I. A few words about Elasticsearch

Elasticsearch, like Apache Solr, is a Lucene-based search engine. It tends to be more flexible, modern, and easier to get started with than Solr (see also). There is a feature comparison at Solr vs Elasticsearch.

Some strengths of Elasticsearch:

  • Schemaless
    • You avoid heavy upfront schema work: Elasticsearch infers basic field types from the documents you send, so you can start indexing soon after install. For non-basic types such as geo_point and geo_shape, you still need explicit mapping.
  • RESTful API
    • Create, update, and delete indices over HTTP (GET, POST, DELETE, PUT), with JSON bodies instead of query-string-only GET parameters.
  • Distributed (without extra cluster software such as Apache ZooKeeper)
  • Near real-time search.

To revisit how indexing works in search engines, see the earlier posts on the inverted index here and the vector space model here (Vietnamese). For installing Elasticsearch, see How To Install Elasticsearch on an Ubuntu VPS. For a broader tour, see Elasticsearch – Awesome search and index engine.
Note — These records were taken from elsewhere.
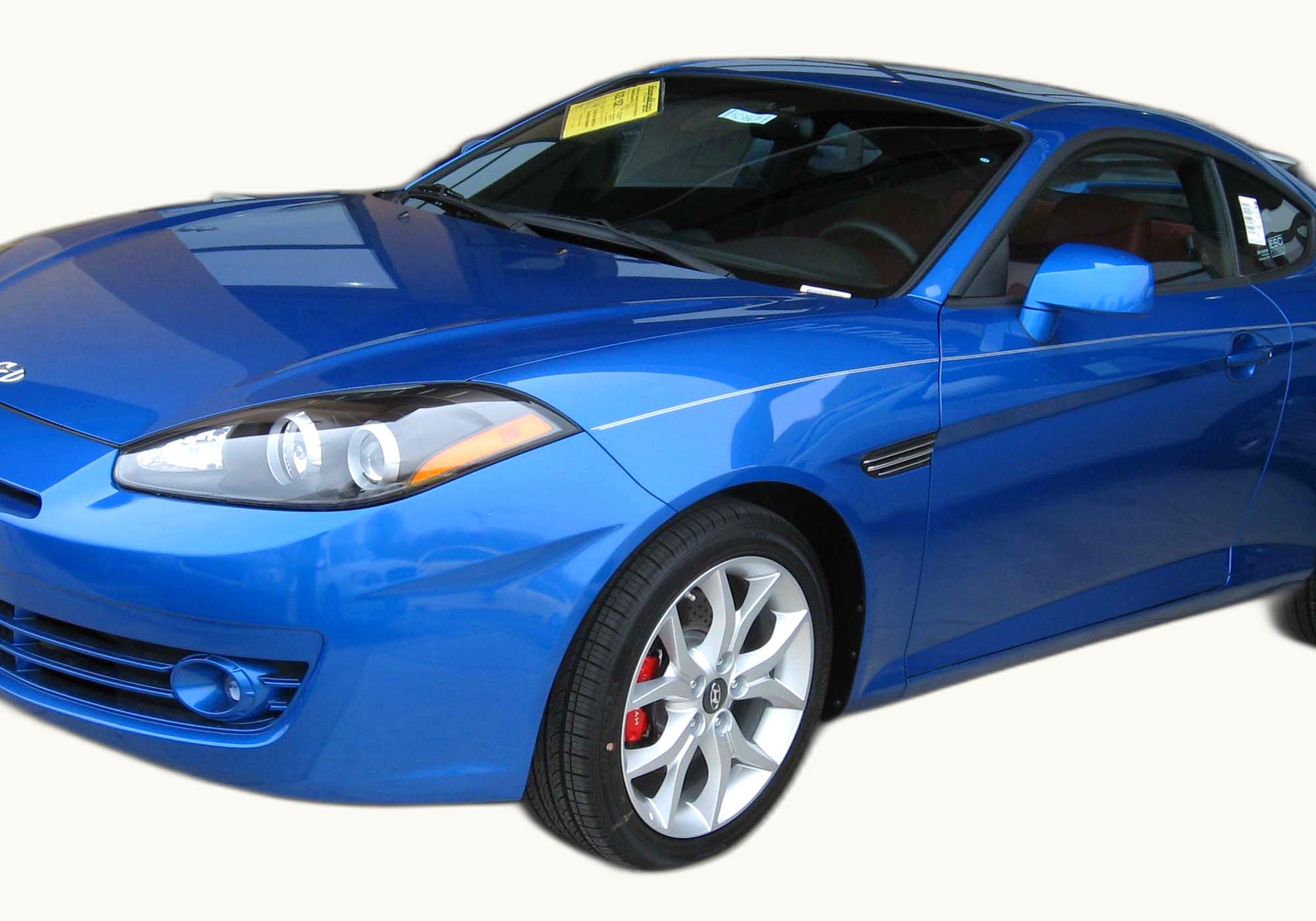 Hyundai Hyundai Tiburon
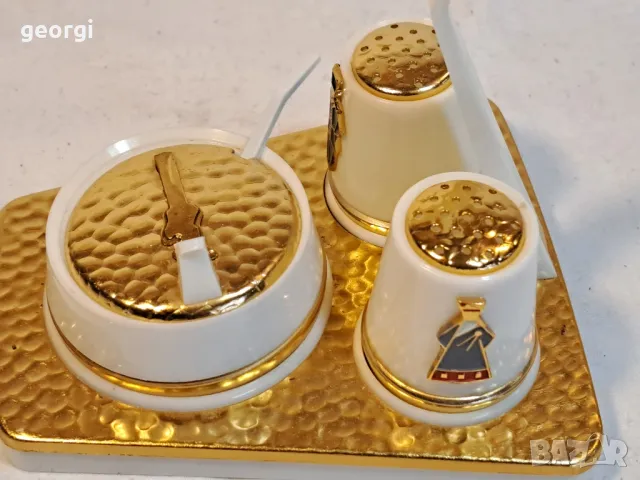 руски соц оливерник  20/2, снимка 3 - Антикварни и старинни предмети - 49123189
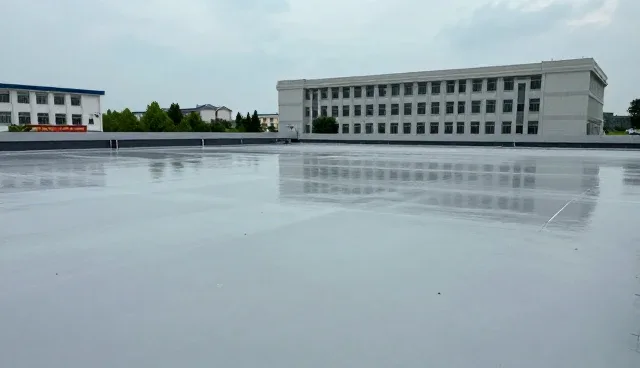 高空防腐施工中环氧树脂涂料的选型与维护建议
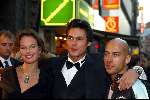 Amsterdam 23 september 2002
Premiere film tom cruise minority report
Kim Peters en Kenan Raven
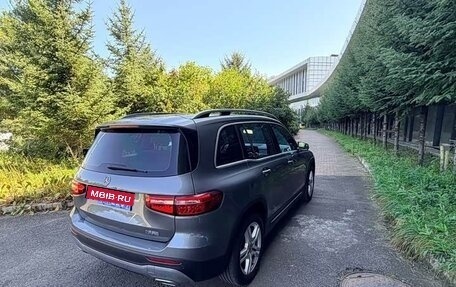 Mercedes-Benz GLB, 2022 год, 2 380 000 рублей, 6 фотография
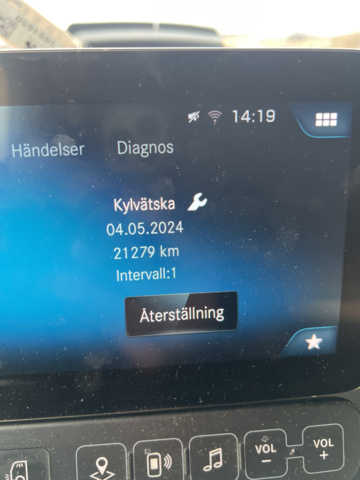 1051650-38 Mercedes-Benz Actros 12.8 PowerShift 3 510hp -2021 (24000mil)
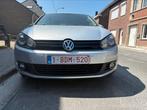 Golf 6 2.0tdi automaat, Auto's, Euro 5, Diesel, Zilver of Grijs, Te koop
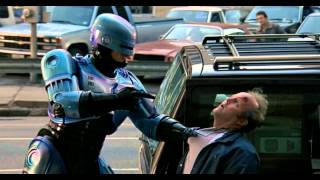 Robocop 2 Funny Scenes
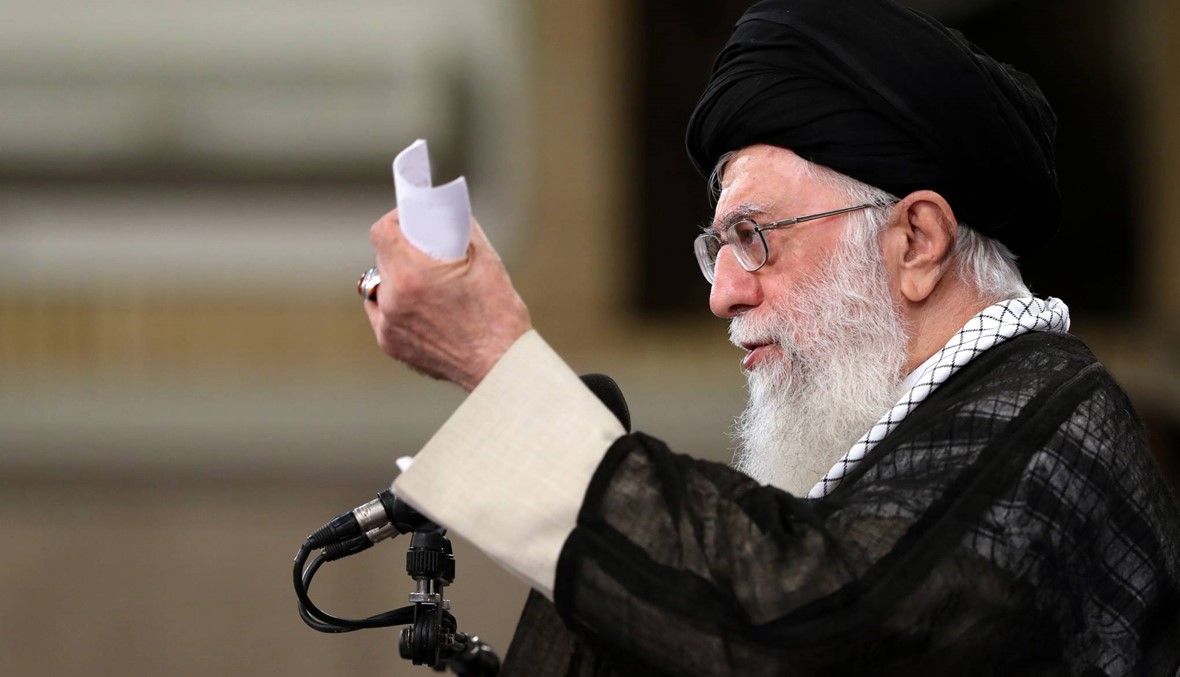 إيران تحذّر: سنتصدّى بكلّ حزم لأي جماعة أو فرد يريد تقويض أمن البلاد"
II. Location search in Elasticsearch

Elasticsearch supports field types such as geo_point and geo_shape, plus filters and aggregations for problems like “nearest points” or “how many points fall in this region.”

Example index mapping:

curl -XPUT http://localhost:9200/business -d '
{
 "mappings" : {
    "restaurant": {
        "properties": {
            "name": {
                "type": "string"
            },
            "location": {
                "type"          : "geo_point",
                "geohash"       : true,
                "geohash_prefix": true
            },
            "address" : {
                "type" : "string"
            }
      }
    }
  }
}'

Sample locations:

{:.table.table-bordered}

namelatlongeohashaddress
Beafsteak Nam Sơn10.775365106.690952w3gv7dv8xfep200 Bis Nguyễn Thị Minh Khai, P. 6, Quận 3
Đo Đo Quán10.768050106.688704w3gv7b227jbp10/14 Lương Hữu Khánh, P. Phạm Ngũ Lão, Quận 1
Chè Hà Ký10.754105106.658514w3gv5jdr5qxb138 Châu Văn Liêm, P. 11, Quận 5
Cơm Gà Đông Nguyên10.755465106.652302w3gv5j4tmxxu89-91 Châu Văn Liêm, P. 14, Quận 5
Nhà Hàng Sân Vườn Bên Sông10.831478106.724668w3gvsef9bvzc7/3 Kha Vạn Cân, P. Hiệp Bình Chánh, Quận Thủ Đức
Lẩu Dê Bình Điền10.869835106.763260w3gvv6y9kk0e1296C Kha Vạn Cân, Quận Thủ Đức

Snippet source

You only need to send lat and lon; Elasticsearch derives geohash for you.

Geo sort

Sort venues by distance from a known latitude/longitude (nearest first):

curl -XPOST "http://localhost:9200/business/restaurant/_search?pretty=1" -d'
{
   "query" : {
        "match_all" : {}
    },
    "sort" : [
        {
            "_geo_distance" : {
                "location" : {
                    "lat" : 10.776945451753402,
                    "lon" : 106.69494867324829
                },
                "order" : "asc",
                "unit" : "km",
                "distance_type" : "arc"
            }
        }
    ]
}'

Geo filter

Standing at Independence Palace (10.776945451753402, 106.69494867324829), we want venues within 4 km (the example uses 4 km so the circle does not reach District 5; 5 km would):

curl -XGET "http://localhost:9200/business/restaurant/_search?pretty=1 " -d'
{
    "filter" : {
        "geo_distance" : {
            "location" : {
                "lat" : 10.776945451753402,
                "lon" : 106.69494867324829
            }, 
            "distance": "4km",
            "distance_type": "arc"
        }
    }
}'

Elasticsearch returns hits inside that 4 km radius from the given point.

Geo aggregation

Note: aggregation APIs require Elasticsearch 1.0.0 or newer.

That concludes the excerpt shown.